Short text fragments from websites:
--- START ---
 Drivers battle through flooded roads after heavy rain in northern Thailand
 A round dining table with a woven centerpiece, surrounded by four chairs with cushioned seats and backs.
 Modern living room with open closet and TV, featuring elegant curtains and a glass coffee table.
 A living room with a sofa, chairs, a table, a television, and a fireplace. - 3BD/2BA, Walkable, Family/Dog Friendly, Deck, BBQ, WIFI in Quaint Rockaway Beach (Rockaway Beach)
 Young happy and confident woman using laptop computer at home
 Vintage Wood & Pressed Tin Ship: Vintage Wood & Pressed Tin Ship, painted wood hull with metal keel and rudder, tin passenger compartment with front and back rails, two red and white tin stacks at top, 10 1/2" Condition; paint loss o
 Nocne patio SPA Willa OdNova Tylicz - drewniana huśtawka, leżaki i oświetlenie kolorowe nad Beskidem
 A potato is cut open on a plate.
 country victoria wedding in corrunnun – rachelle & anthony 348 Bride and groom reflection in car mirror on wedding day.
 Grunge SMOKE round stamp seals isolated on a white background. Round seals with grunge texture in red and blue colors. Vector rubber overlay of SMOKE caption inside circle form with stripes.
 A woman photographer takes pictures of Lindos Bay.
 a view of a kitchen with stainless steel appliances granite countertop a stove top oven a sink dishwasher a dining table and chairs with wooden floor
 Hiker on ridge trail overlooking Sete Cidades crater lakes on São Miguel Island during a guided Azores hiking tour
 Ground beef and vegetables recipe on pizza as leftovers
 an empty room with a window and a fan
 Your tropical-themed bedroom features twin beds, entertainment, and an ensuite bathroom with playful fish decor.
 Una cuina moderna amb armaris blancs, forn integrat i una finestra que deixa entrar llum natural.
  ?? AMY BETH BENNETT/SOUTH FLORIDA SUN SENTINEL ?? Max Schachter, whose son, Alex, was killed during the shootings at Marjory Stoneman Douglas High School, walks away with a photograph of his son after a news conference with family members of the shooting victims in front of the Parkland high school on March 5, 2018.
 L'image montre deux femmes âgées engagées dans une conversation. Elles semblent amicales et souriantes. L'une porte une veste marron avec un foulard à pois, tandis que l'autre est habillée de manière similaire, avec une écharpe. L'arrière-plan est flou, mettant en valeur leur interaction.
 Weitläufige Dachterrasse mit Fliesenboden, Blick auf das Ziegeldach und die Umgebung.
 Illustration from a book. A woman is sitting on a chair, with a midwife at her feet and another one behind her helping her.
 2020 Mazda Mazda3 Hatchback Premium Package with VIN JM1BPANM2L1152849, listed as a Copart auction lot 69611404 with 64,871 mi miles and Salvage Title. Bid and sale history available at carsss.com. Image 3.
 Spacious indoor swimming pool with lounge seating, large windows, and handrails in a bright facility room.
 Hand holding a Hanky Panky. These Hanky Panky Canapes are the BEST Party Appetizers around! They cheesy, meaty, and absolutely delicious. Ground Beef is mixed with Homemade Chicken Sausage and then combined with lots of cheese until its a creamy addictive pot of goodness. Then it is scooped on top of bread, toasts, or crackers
--- END ---
**Task instructions:** The whole of the data must be given back word for word.

**Response to the task:**
 Drivers battle through flooded roads after heavy rain in northern Thailand
 A round dining table with a woven centerpiece, surrounded by four chairs with cushioned seats and backs.
 Modern living room with open closet and TV, featuring elegant curtains and a glass coffee table.
 A living room with a sofa, chairs, a table, a television, and a fireplace. - 3BD/2BA, Walkable, Family/Dog Friendly, Deck, BBQ, WIFI in Quaint Rockaway Beach (Rockaway Beach)
 Young happy and confident woman using laptop computer at home
 Vintage Wood & Pressed Tin Ship: Vintage Wood & Pressed Tin Ship, painted wood hull with metal keel and rudder, tin passenger compartment with front and back rails, two red and white tin stacks at top, 10 1/2" Condition; paint loss o
 Nocne patio SPA Willa OdNova Tylicz - drewniana huśtawka, leżaki i oświetlenie kolorowe nad Beskidem
 A potato is cut open on a plate.
 country victoria wedding in corrunnun – rachelle & anthony 348 Bride and groom reflection in car mirror on wedding day.
 Grunge SMOKE round stamp seals isolated on a white background. Round seals with grunge texture in red and blue colors. Vector rubber overlay of SMOKE caption inside circle form with stripes.
 A woman photographer takes pictures of Lindos Bay.
 a view of a kitchen with stainless steel appliances granite countertop a stove top oven a sink dishwasher a dining table and chairs with wooden floor
 Hiker on ridge trail overlooking Sete Cidades crater lakes on São Miguel Island during a guided Azores hiking tour
 Ground beef and vegetables recipe on pizza as leftovers
 an empty room with a window and a fan
 Your tropical-themed bedroom features twin beds, entertainment, and an ensuite bathroom with playful fish decor.
 Una cuina moderna amb armaris blancs, forn integrat i una finestra que deixa entrar llum natural.
  ?? AMY BETH BENNETT/SOUTH FLORIDA SUN SENTINEL ?? Max Schachter, whose son, Alex, was killed during the shootings at Marjory Stoneman Douglas High School, walks away with a photograph of his son after a news conference with family members of the shooting victims in front of the Parkland high school on March 5, 2018.
 L'image montre deux femmes âgées engagées dans une conversation. Elles semblent amicales et souriantes. L'une porte une veste marron avec un foulard à pois, tandis que l'autre est habillée de manière similaire, avec une écharpe. L'arrière-plan est flou, mettant en valeur leur interaction.
 Weitläufige Dachterrasse mit Fliesenboden, Blick auf das Ziegeldach und die Umgebung.
 Illustration from a book. A woman is sitting on a chair, with a midwife at her feet and another one behind her helping her.
 2020 Mazda Mazda3 Hatchback Premium Package with VIN JM1BPANM2L1152849, listed as a Copart auction lot 69611404 with 64,871 mi miles and Salvage Title. Bid and sale history available at carsss.com. Image 3.
 Spacious indoor swimming pool with lounge seating, large windows, and handrails in a bright facility room.
 Hand holding a Hanky Panky. These Hanky Panky Canapes are the BEST Party Appetizers around! They cheesy, meaty, and absolutely delicious. Ground Beef is mixed with Homemade Chicken Sausage and then combined with lots of cheese until its a creamy addictive pot of goodness. Then it is scooped on top of bread, toasts, or crackers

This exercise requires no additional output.